### PROBLEM TO WORK ON
Everything in the records except the pictures should come back exactly as written.
----- RECORDS
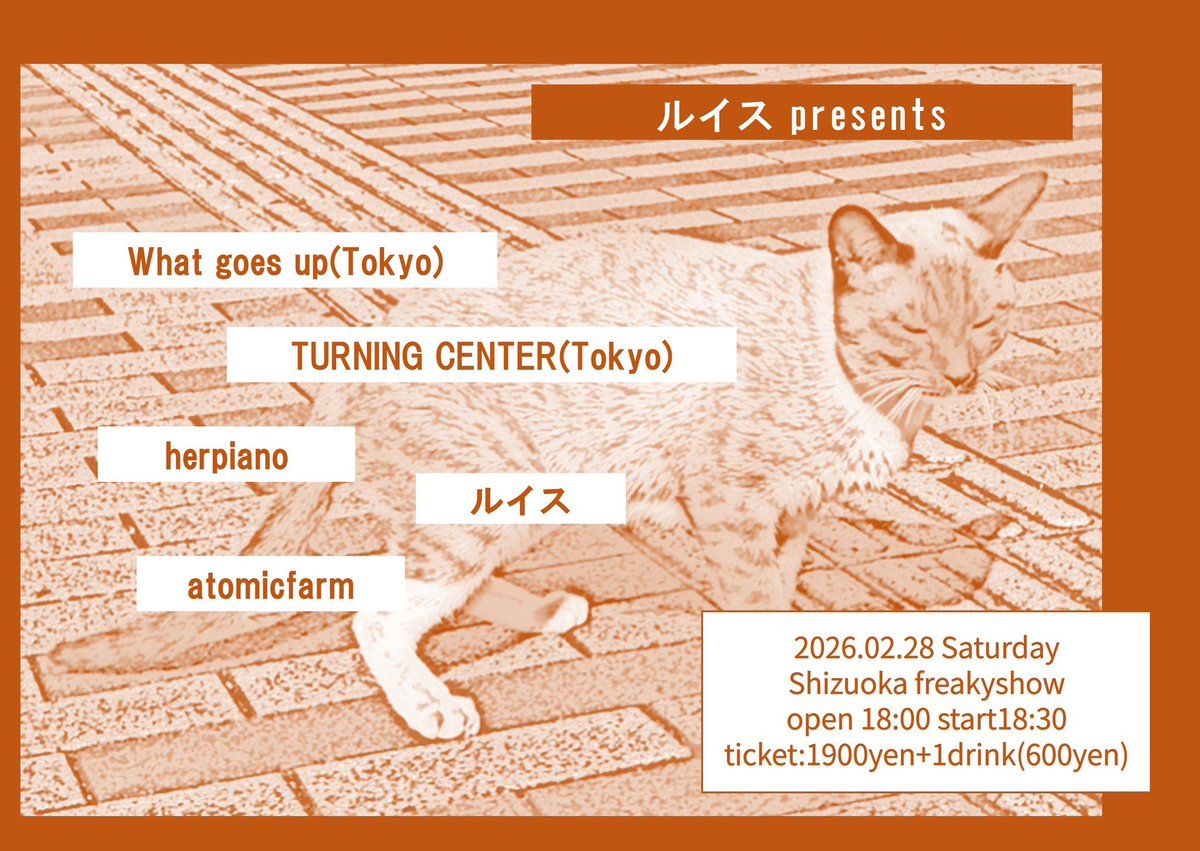 herpiano、次回のライブはこちらです！
ルイス企画！！
全バンド、大変楽しみです！

静岡freakyshow
2026/2/28(sat)
open 18:00 start18:30
ticket:1900円+1drink(600円)

What goes up (東京)
TURNING CENTER (東京)
atomicfarm
ルイス
herpiano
----------
### ANSWER AREA
 herpiano、次回のライブはこちらです！
ルイス企画！！
全バンド、大変楽しみです！

静岡freakyshow
2026/2/28(sat)
open 18:00 start18:30
ticket:1900円+1drink(600円)

What goes up (東京)
TURNING CENTER (東京)
atomicfarm
ルイス
herpiano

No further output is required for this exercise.